(Physics) Friction force? Help!?

(a)
By the law of conservation of momentum :
Total momentum just before impact = Total momentum just after impact
5 × 0 + 0.3 × 20 = (5 + 0.3) v
6 = 5.3v
v = 1.1 m/s

Speed of the box and the ball just after impact = 1.1 m/s (to 2 sig. fig.)


(b)
Method 1 :
Initial velocity, u = 1.1 m/s
Final velocity, v = 0 m/s
Displacement, s = 0.70 m

v² = u² + 2as
0 = 1.1² + 2 × a × 0.7
a = -0.86 m/s²

Frictional force, f
= |ma|
= (5 + 0.3) × 0.86
= 4.6 N


Method 2 :
Work done against friction = Decrease in K.E.
f s = (1/2)mu² - (1/2)mv²
f × 0.70 = (1/2) × (5 + 0.3) × 1.1² - 0
Frictional force, f = 4.6 N

Initial momentum = 0.3 * 20 = 6
Total mass = 5.3 kg
5.3 * v = 6
v = 6 ÷ 5.3

This is approximately 1.13 m/s. As the box sides 70 cm, its velocity deceases to 0 m/s. This is caused by the friction.

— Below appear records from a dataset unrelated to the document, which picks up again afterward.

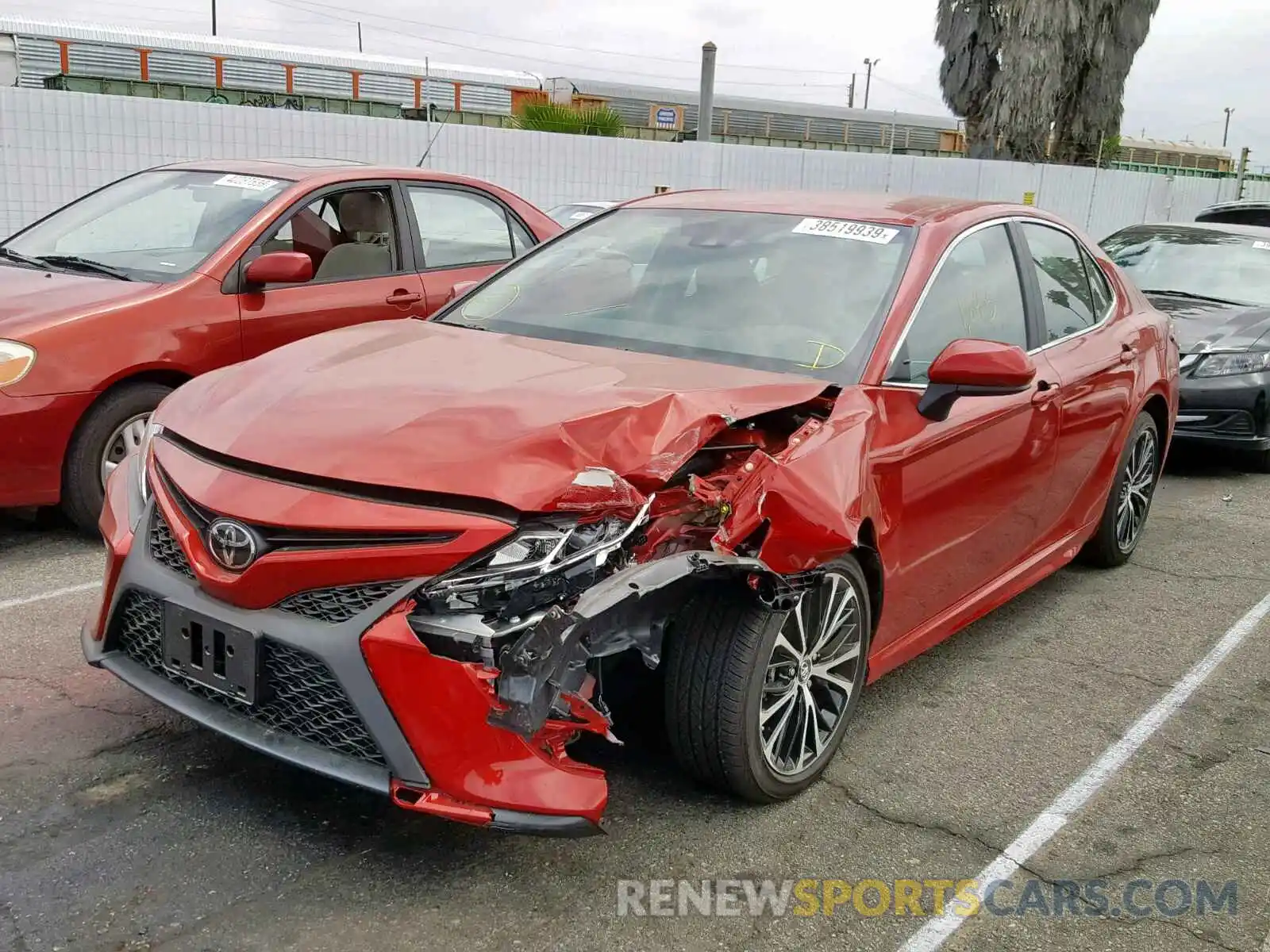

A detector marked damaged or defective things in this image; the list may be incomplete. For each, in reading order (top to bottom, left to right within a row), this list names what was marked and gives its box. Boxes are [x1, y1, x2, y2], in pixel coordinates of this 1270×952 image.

exposed headlight assembly [0, 340, 37, 388]
crumpled hood [0, 267, 156, 340]
crumpled hood [156, 321, 833, 515]
crumpled hood [1153, 294, 1270, 355]
detached bumper cover [1173, 368, 1270, 451]
exposed headlight assembly [1188, 352, 1270, 378]
broken headlight [426, 500, 655, 597]
exposed headlight assembly [429, 500, 655, 597]
damaged front end [388, 388, 864, 827]
cracked pavement [2, 449, 1270, 952]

In this problem, the work that is done by the friction force is equal to the kinetic energy of the box and ball.

Work = Ff * 0.7
KE = ½ * 5.3 * (6 ÷ 5.3)^2
This is approximately 3.4 N * m

Ff * 0.7 = ½ * 5.3 * (6 ÷ 5.3)^2
Ff = [½ * 5.3 * (6 ÷ 5.3)^2] ÷ 0.7

This is approximately 4.85 N. I hope this is helpful for you.